It’s not hypocrisy in the same way that the Pope’s opposition to both birth control and abortion isn’t hypocrisy: the ends don’t justify the means. I assume you think of government support for pregnant women as a good thing, but a lot of conservatives appear to disagree with you. To them, abortion is bad, government “handouts” are bad, and even if abortion is worse than handouts, doing a bad thing to prevent an even worse thing is wrong.
But we (and they) know that reducing government support for pregnant women increases the number of abortions.
So they profess to wanting to “save lives” by ending abortions, while doing something that increases rhe number of abortions.

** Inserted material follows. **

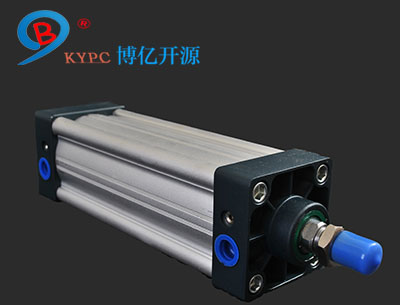 BSUϵ�И˜ʚ��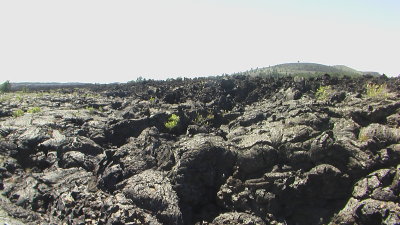 IMGA0810.JPG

How exactly is that not hypocrasy?
It’s not hypocrisy in the same way that the Pope’s opposition to both birth control and abortion isn’t hypocrisy: the ends don’t justify the means. I assume you think of government support for pregnant women as a good thing, but a lot of conservatives appear to disagree with you. To them, abortion is bad, government “handouts” are bad, and even if abortion is worse than handouts, doing a bad thing to prevent an even worse thing is wrong.
That is also hypocrisy, thanks for another great example.
That is literally what the government is for, to support its citizens, yes.
They also disagree with climate change and the earth being more than 6000 years old. Doesn’t make them right, or any less hypocritical.